Women view "The Madonna and Child" by Fra Bartolomeo as it hangs in Christie's gallery Jan. 29, 2013, in New York. (CNS/Reuters/Mike Segar)
"Happy New Year!" If you're from Denver, you not only might repeat that greeting through the month, but also leave your Christmas lights on until Jan. 22, the last day of the National Western Stock Show. If that seems overdone, remember that we've been celebrating the Nativity of Christ for nearly 1,800 years (though nobody seems quite sure who chose Dec. 25 over Jan. 6 as Jesus' day of birth).
Most liturgists will tell us that, in spite of the hype of Christmas, Easter is the center of the church year. Yet, there would be no Easter without a Nativity, no cross or Resurrection without an Incarnation. That brings us to the feast we celebrate today, the Solemnity of the Blessed Virgin Mary, the Mother of God.
This title, Mother of God, has been at the heart of immense, intense theological debate. It's not hard to understand why some considered the very idea as blasphemous: How could a creature be mother to God? Yet, that is exactly what the somewhat strange translation of the Nicene Creed defends with the phrase that describes Jesus Christ as "incarnate of the Virgin Mary." It may seem simple to say that through Mary, Christ is flesh of our flesh. It becomes a bit more shocking to say that God, the creator of the universe, chooses to be dependent on humanity in order to become one of us. The title Mother of God necessarily infers an almost scandalous degree of mutuality between humanity and divinity.
One response to this would be to write it all off as hifalutin theology, too convoluted to consider on the morning after New Year's Eve. On the other hand, there might be no more appropriate day to contemplate this mystery than the one on which many of us have made ourselves particularly aware of the limitations of our own incarnation and are looking toward starting anew.

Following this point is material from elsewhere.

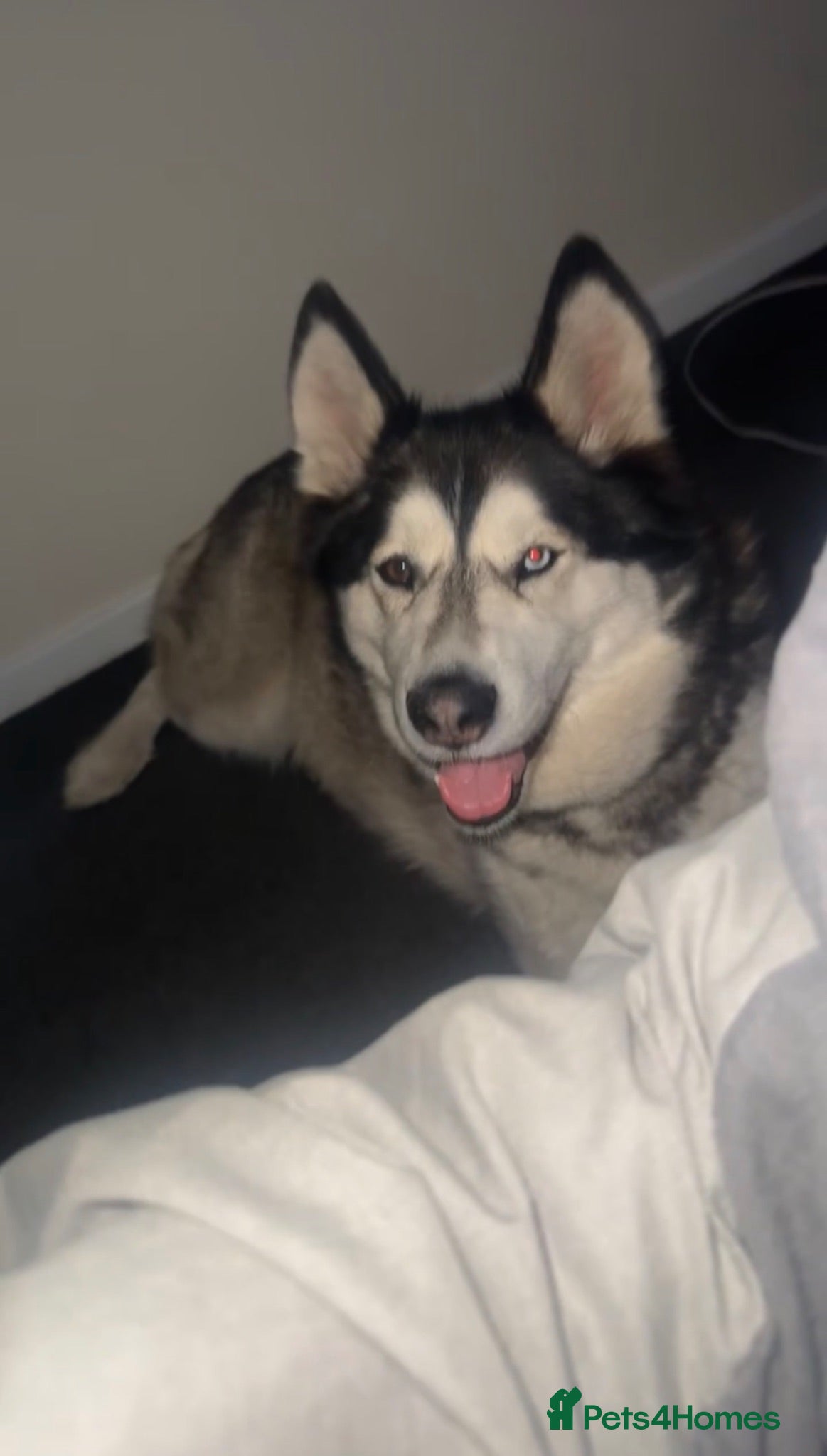 Siberian Husky dogs Siberian husky  - Advert 2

We can read today's Liturgy of the Word as the description of a crescendoing process that invites us to move through God's blessing on all creation, to adoption, to the intimacy of shared life. For Christians, this is a summary of the history of salvation and ultimately an invitation to mysticism.
Now, lest we think that this is just too much, even for New Year's Day, we can turn to today's Gospel as a simple story that invites us to more than we might ask or imagine. Luke tells us that the first nonfamily members to discover Emmanuel were shepherds, denigrated folks of meager means whose work required very little in the way of intelligence or creativity. Perhaps their poverty and lack of sophistication opened them to wonders that the "wise and the learned" knew too much to comprehend. They had been told not to fear and to go find a savior whose circumstances were as humble as their own. And that was exactly what they found: an infant cared for by two migrants who had made him a bed in a cattle crib. Somehow, for these shepherds, that was enough to make them spread the message to whoever would listen.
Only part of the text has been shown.